/---

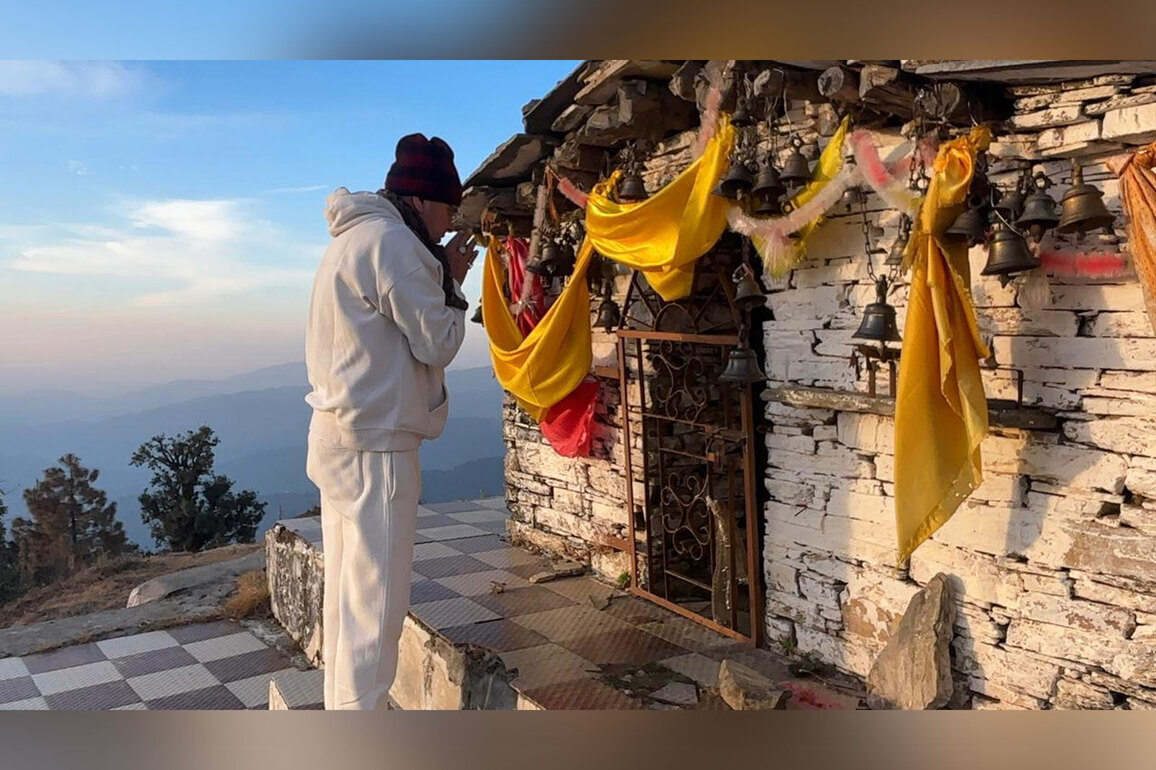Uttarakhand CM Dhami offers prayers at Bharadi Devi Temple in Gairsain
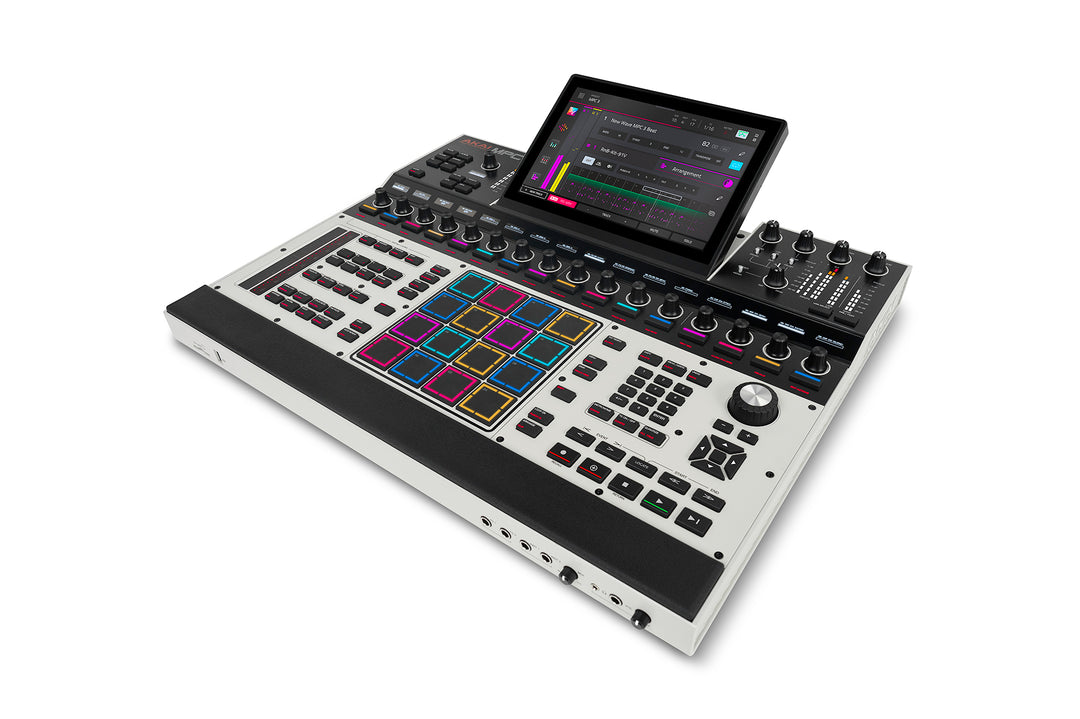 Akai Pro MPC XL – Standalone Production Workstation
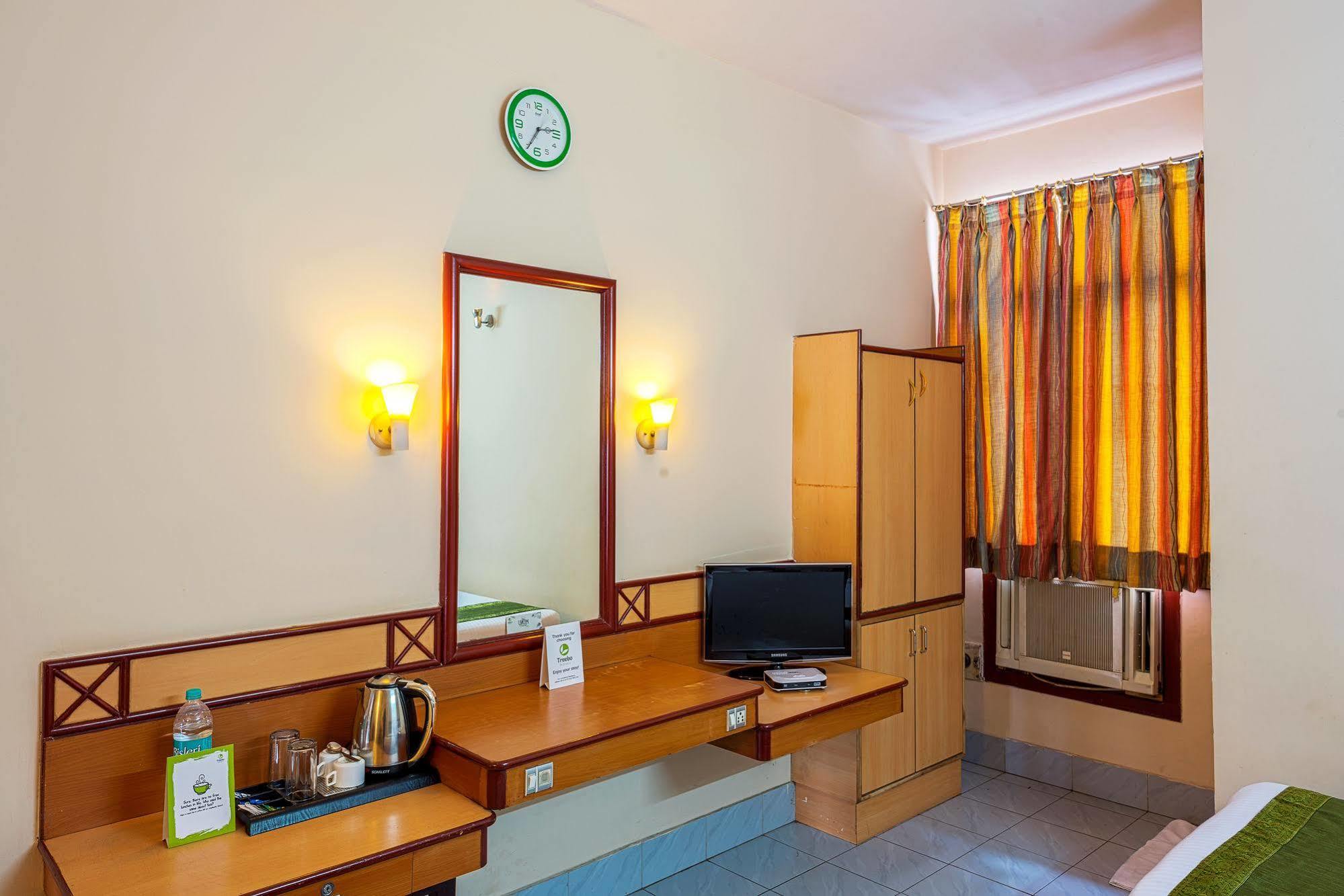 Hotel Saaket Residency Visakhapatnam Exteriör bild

\---
/---

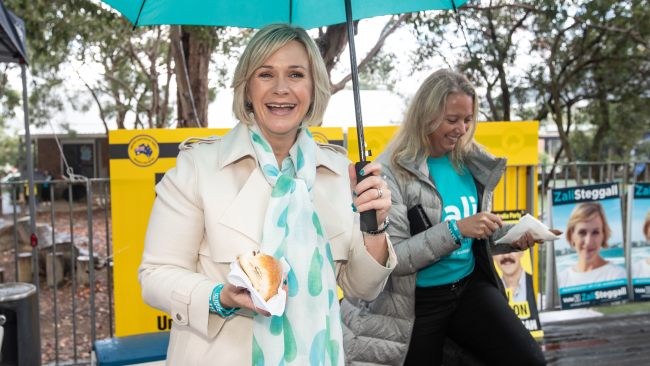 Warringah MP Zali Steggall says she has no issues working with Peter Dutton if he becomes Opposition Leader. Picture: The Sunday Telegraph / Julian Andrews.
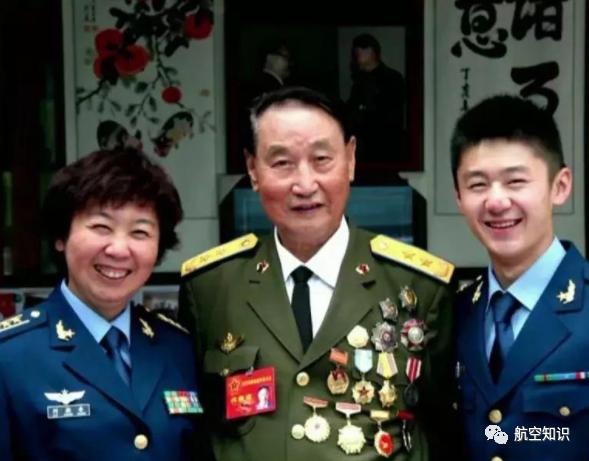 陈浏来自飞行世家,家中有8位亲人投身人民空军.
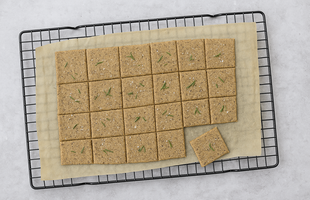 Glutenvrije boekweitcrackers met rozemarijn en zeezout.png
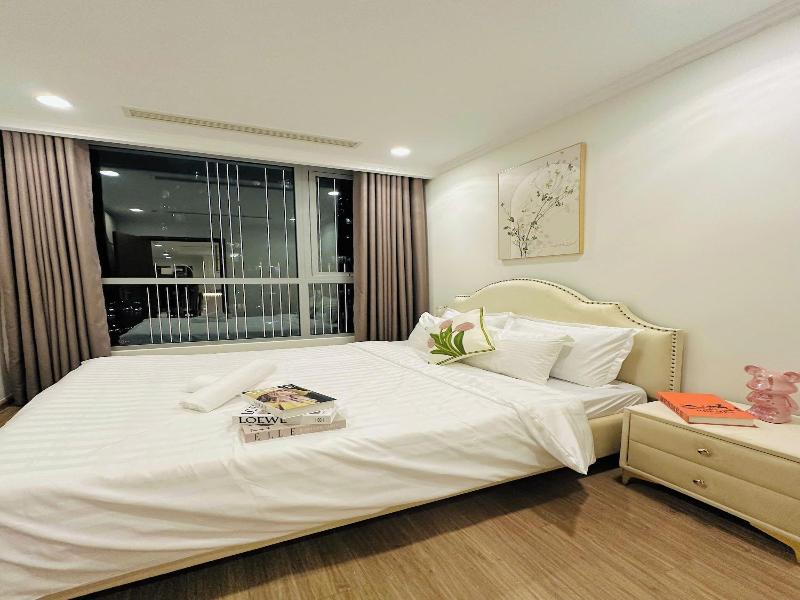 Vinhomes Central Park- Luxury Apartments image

\---
/---

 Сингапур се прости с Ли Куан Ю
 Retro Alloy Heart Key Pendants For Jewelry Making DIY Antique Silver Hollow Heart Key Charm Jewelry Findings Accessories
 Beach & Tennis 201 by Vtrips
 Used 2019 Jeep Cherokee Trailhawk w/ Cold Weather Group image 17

\---

Using the data above, copy exactly the lines from the one containing "陈浏来自飞行世家,家中有8位亲人投身人民空军." to the one containing "Vinhomes Central Park- Luxury", inclusive. Exclude the pictures.

● **Answer for the task**
 陈浏来自飞行世家,家中有8位亲人投身人民空军.
 Glutenvrije boekweitcrackers met rozemarijn en zeezout.png
 Vinhomes Central Park- Luxury Apartments image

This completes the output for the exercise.